KS3 Food Technology
Students follow the national curriculum at Key Stage Three. As such pupils are taught to:
- understand and apply the principles of nutrition and health
- cook a repertoire of predominantly savoury dishes so that they are able to feed
themselves and others a healthy and varied diet
- become competent in a range of cooking techniques [for example, selecting and preparing ingredients; using utensils and electrical equipment; applying heat in different ways; using awareness of taste, texture and smell to decide how to season dishes and combine ingredients; adapting and using their own recipes]
- understand the source, seasonality and characteristics of a broad range of ingredients.
As part of the Key Stage 3 curriculum, we have also embedded the Food – Fact for Life programme which links closely to the National Curriculum and also provides a seamless progression into either the VCERT or GCSE qualifications offered at KS4.
Food – a fact of life programme
Food – a fact of life programme
The Food – a fact of life programme
Food – a fact of life (FFL) is a comprehensive, progressive education programme which communicates up-to-date, evidence-based, consistent and accurate messages around ‘food’ to all those involved in education.
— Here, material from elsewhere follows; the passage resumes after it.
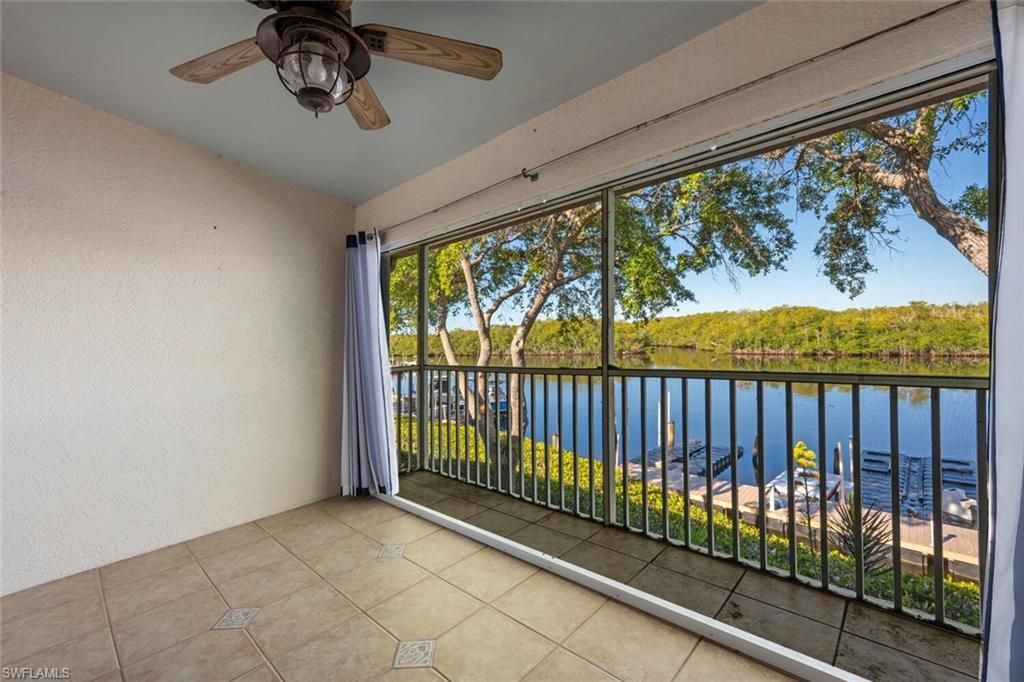 242 Newport Dr , Unit 509, Naples, FL 34114 Photo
FFL is managed by the British Nutrition Foundation (BNF), in partnership with the Agriculture & Horticulture Development Board (AHDB).
The Food a Fact of life Programme adheres to the following
- Healthy eating and nutrition: based on The Eatwell Guide
- Food provenance
- Food preparation
- Food choice
- Healthy lifestyles
Aims and Objectives
- To help students recognise that food is a basic requirement of life and should be enjoyed.
- To help students develop an understanding of the underlying scientific principles upon which current issues in nutrition are based.
- To inform about methods of food production and processing in domestic and commercial situations.
- To encourage an awareness of social, economic and cultural aspects of food choice.
- To enable individuals to demonstrate and apply appropriate knowledge of concepts and principles when planning and preparing meals and when making food choices.
The aim is to ensure that children and young people use up-to-date, evidence-based and high-quality resources to support their learning about food.
Pupils are to acquire a range of food skills, increasing in complexity and accuracy, to cook a range of dishes, safely and hygienically, and to apply their knowledge of nutrition and food provenance.
Pupils are to develop and demonstrate a range of food skills, increasing in complexity and accuracy, to cook a range of dishes, safely and hygienically, and to apply their knowledge of nutrition and food provenance. In addition, they will consider the factors that affect food choice, food availability and food waste.